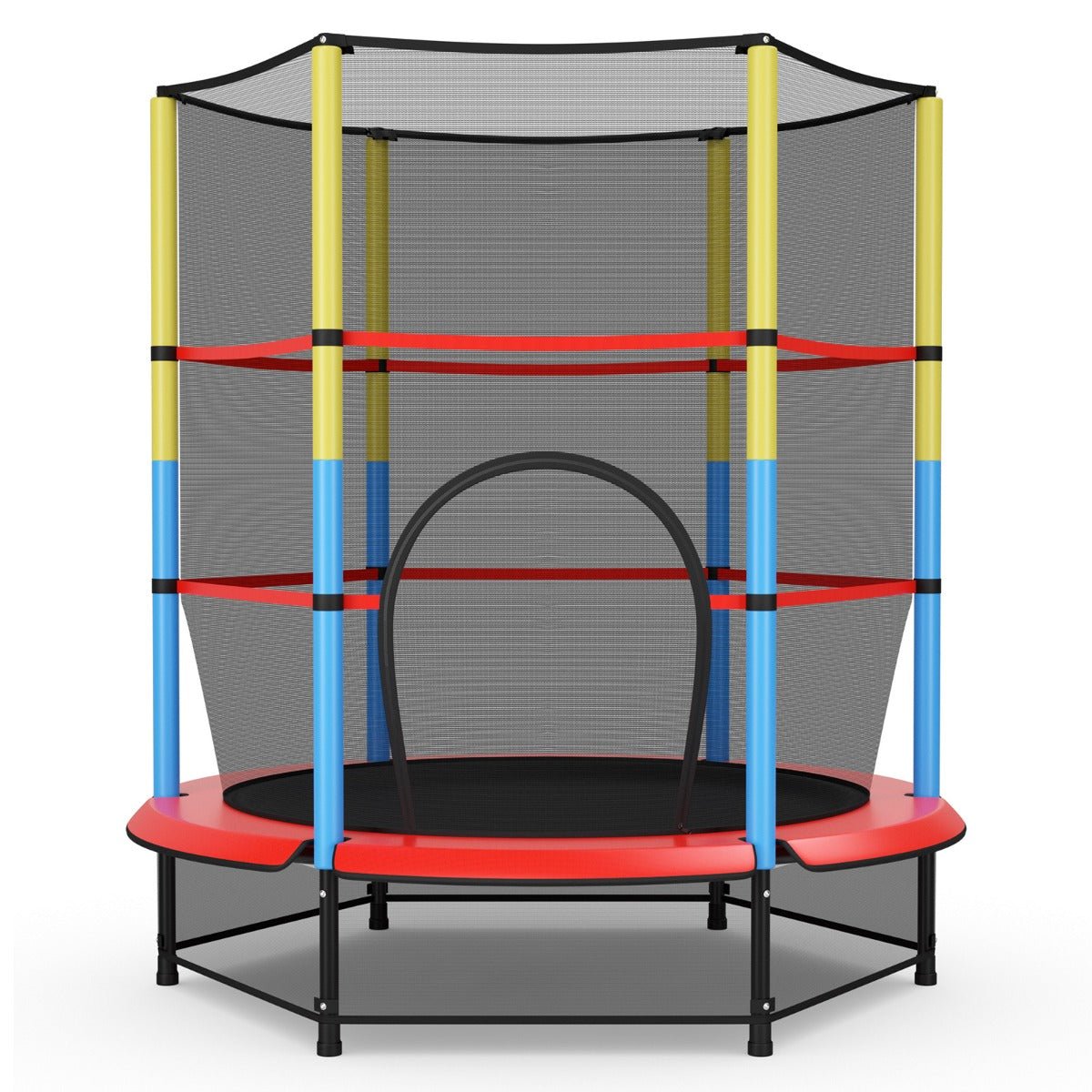 Active Play: 55 Inches Kids Trampoline with Safety Enclosure Net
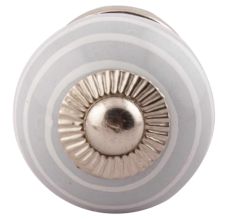 Grey Striped Small Ceramic Drawer Knobs
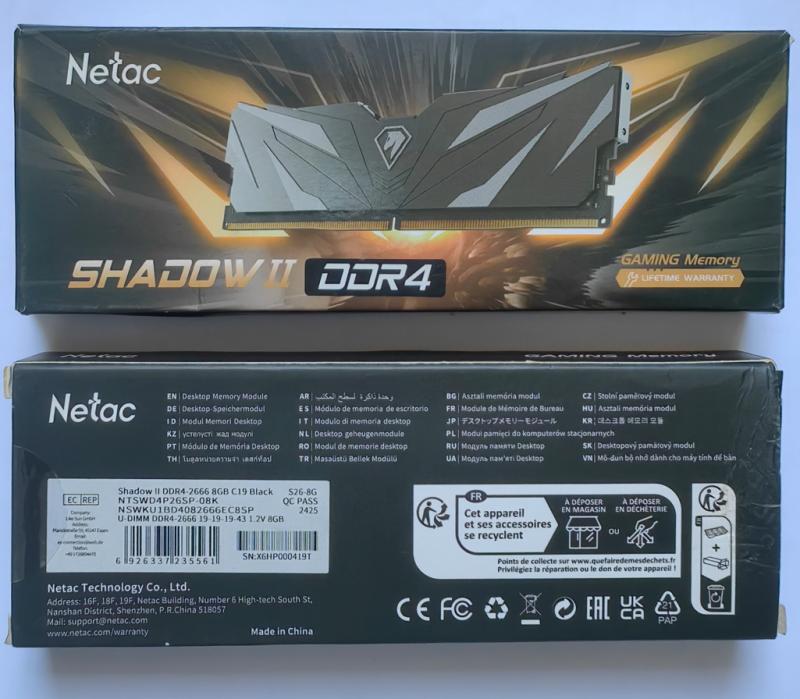 RAM DDR4 8 GB 2666Mhz NETAC GAMING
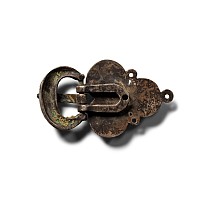 Merovingian Silver Buckle with Garnet Cabochons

-- -- --

Activity. Omit any images, then output the listing exactly.

Written solution.
 Active Play: 55 Inches Kids Trampoline with Safety Enclosure Net
 Grey Striped Small Ceramic Drawer Knobs
 RAM DDR4 8 GB 2666Mhz NETAC GAMING
 Merovingian Silver Buckle with Garnet Cabochons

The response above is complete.